[TASK] Images should be omitted while the rest of the data is duplicated exactly.

[AVAILABLE DATA]
▬▬▬▬▬▬▬▬▬▬

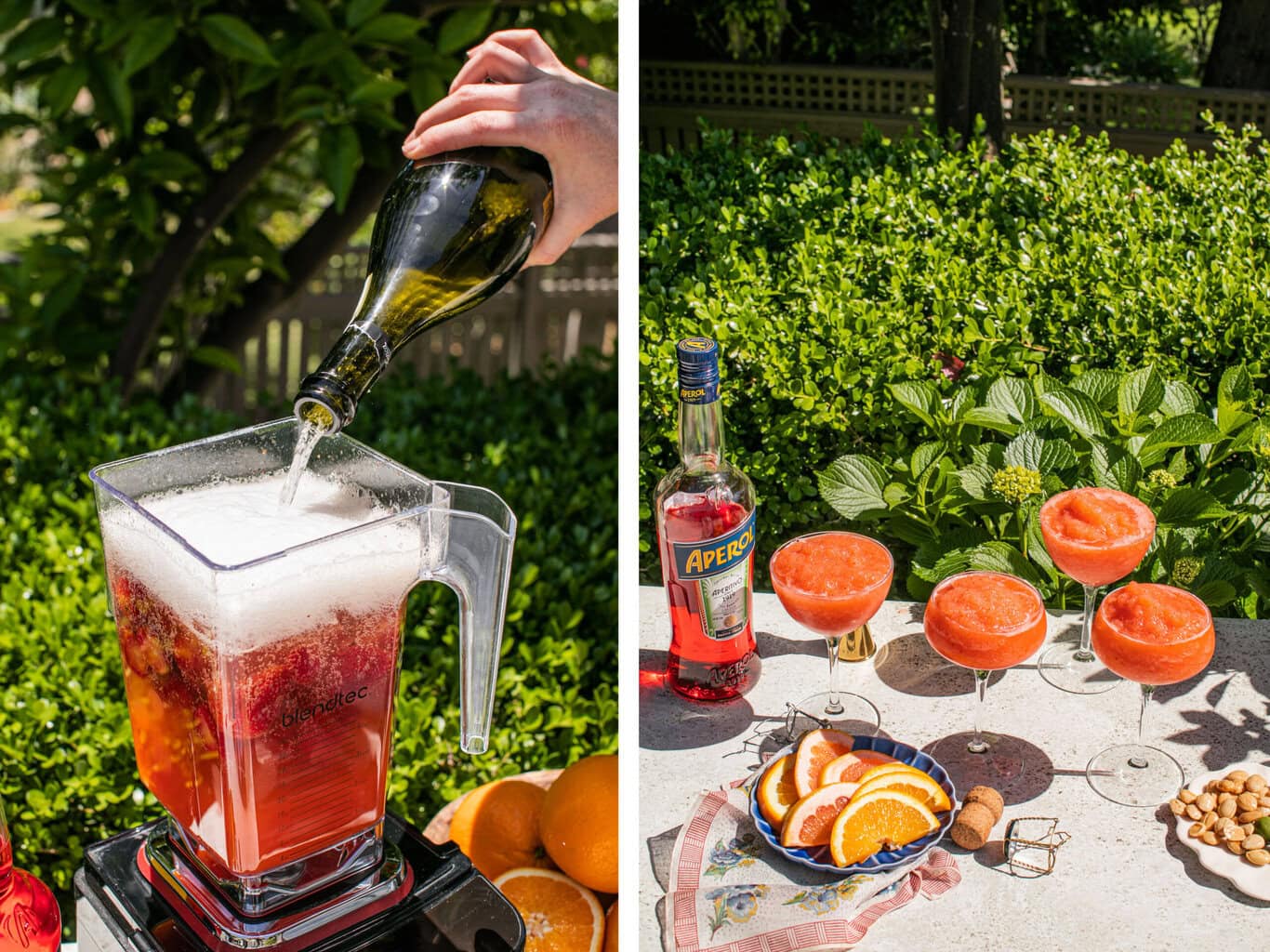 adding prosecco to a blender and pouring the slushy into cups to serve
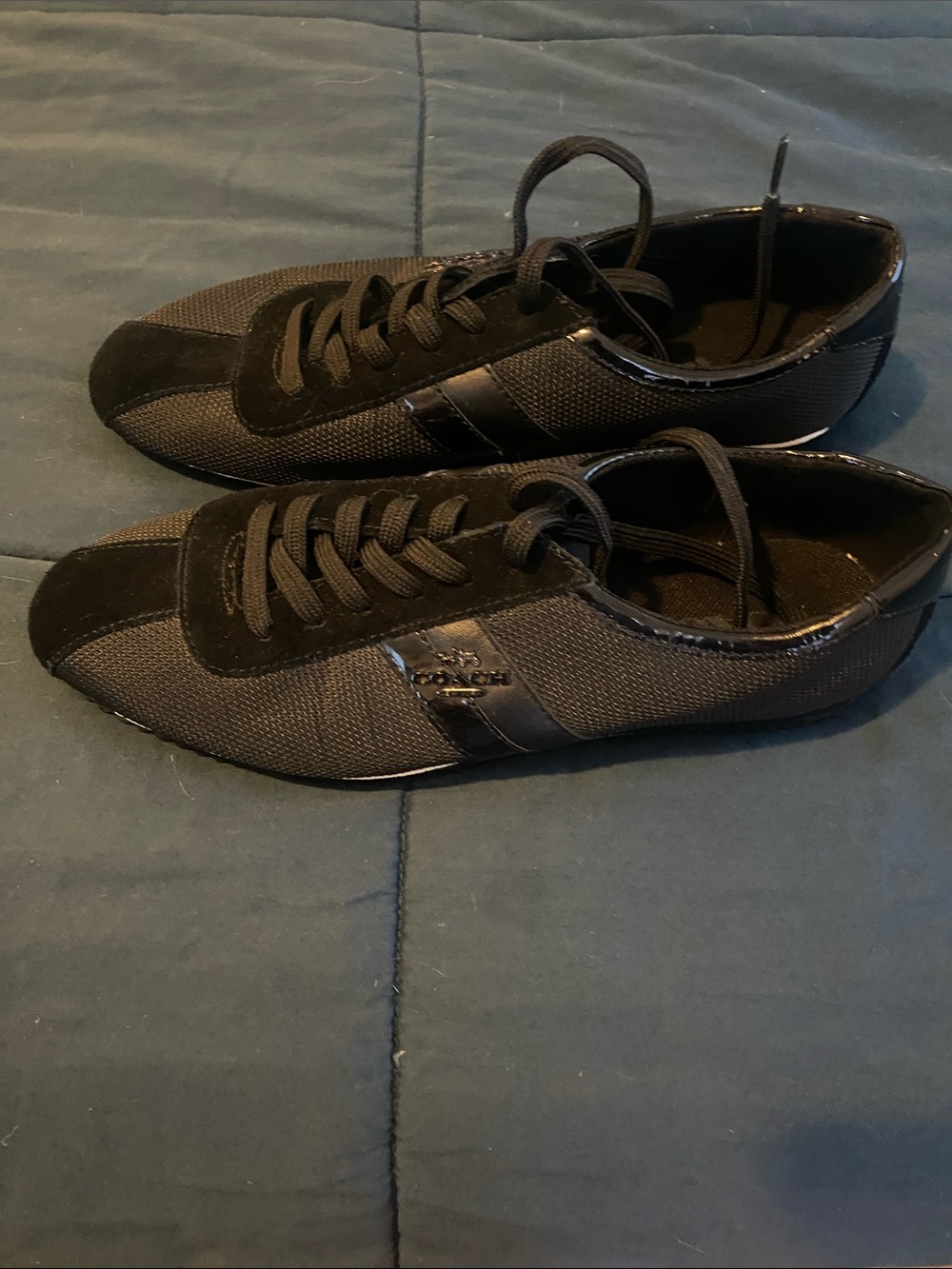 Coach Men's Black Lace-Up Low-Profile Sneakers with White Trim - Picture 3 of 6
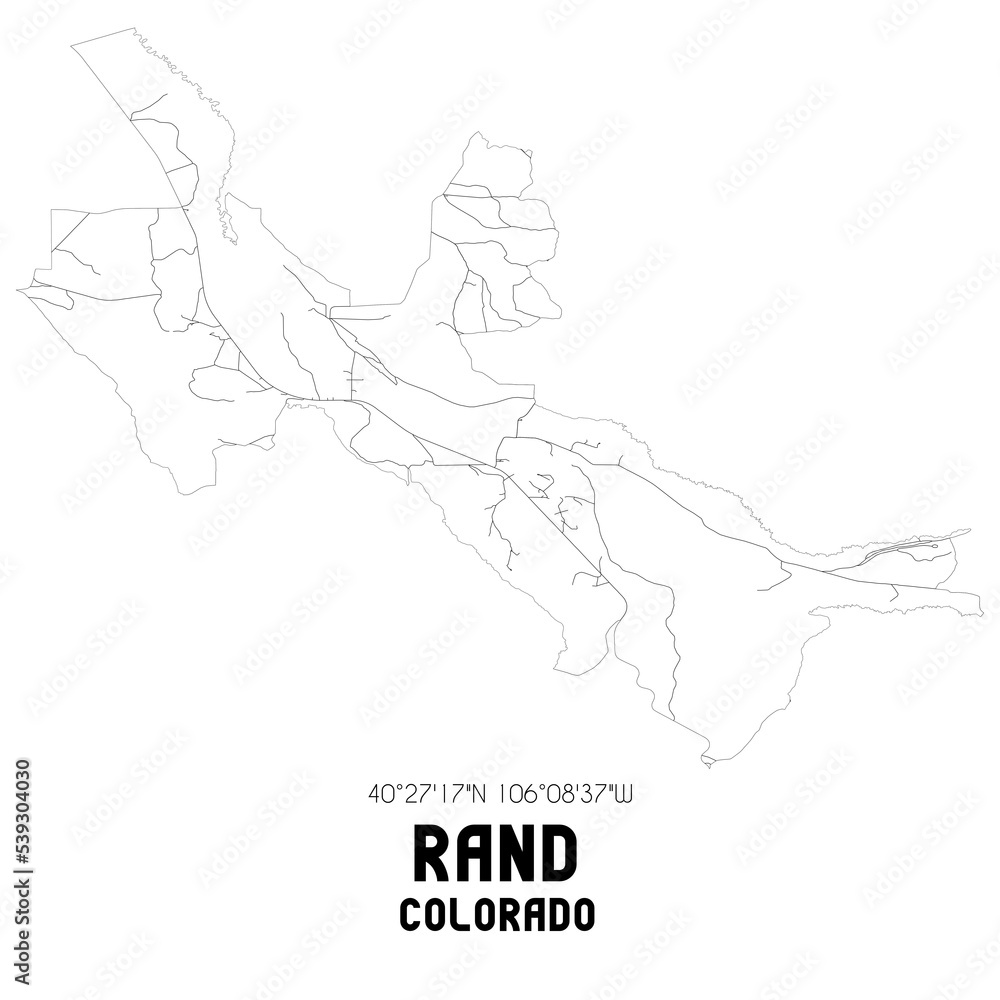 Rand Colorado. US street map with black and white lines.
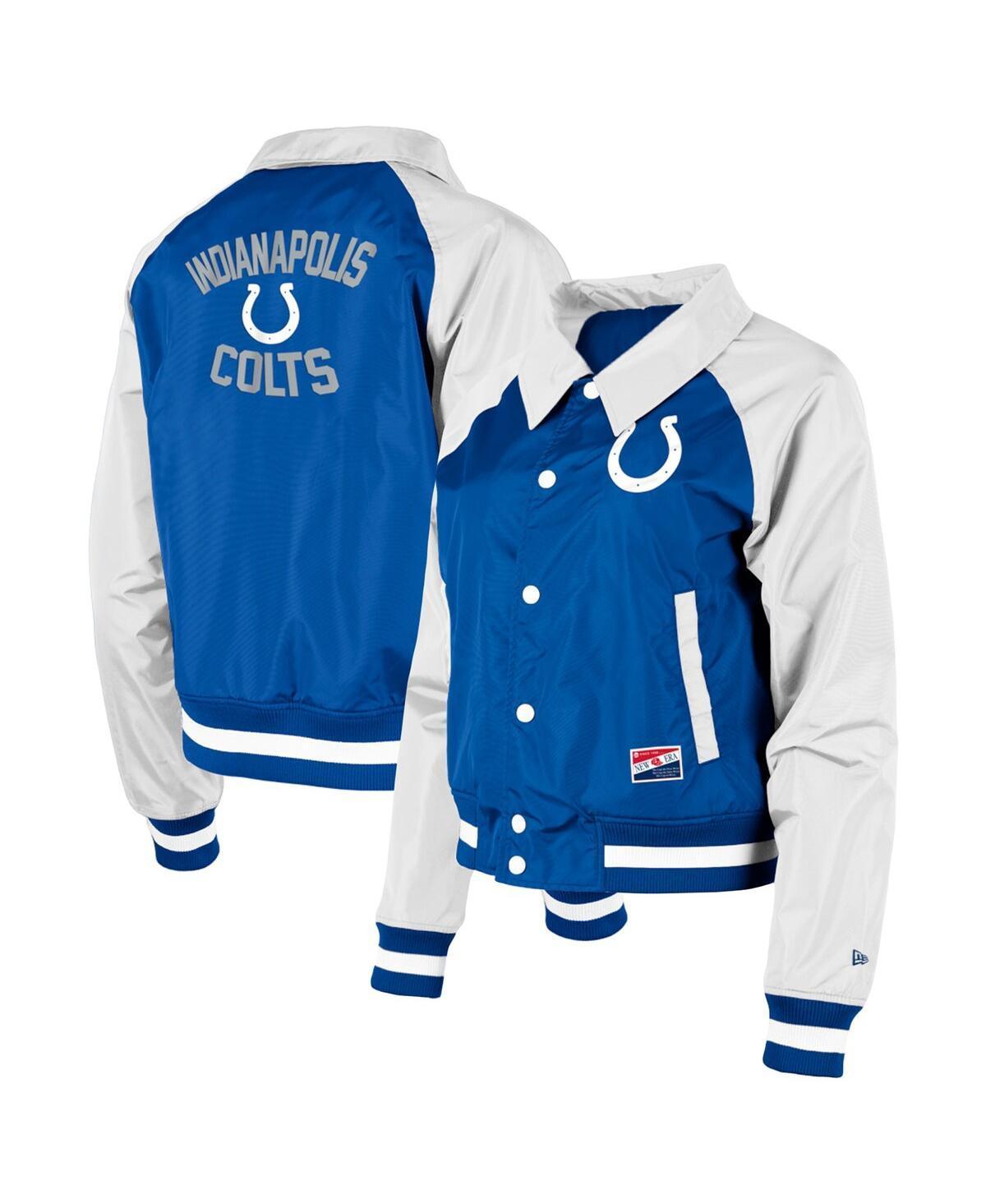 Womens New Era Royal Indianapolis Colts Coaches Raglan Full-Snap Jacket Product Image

▬▬▬▬▬▬▬▬▬▬

[ANSWER SECTION]
 adding prosecco to a blender and pouring the slushy into cups to serve
 Coach Men's Black Lace-Up Low-Profile Sneakers with White Trim - Picture 3 of 6
 Rand Colorado. US street map with black and white lines.
 Womens New Era Royal Indianapolis Colts Coaches Raglan Full-Snap Jacket Product Image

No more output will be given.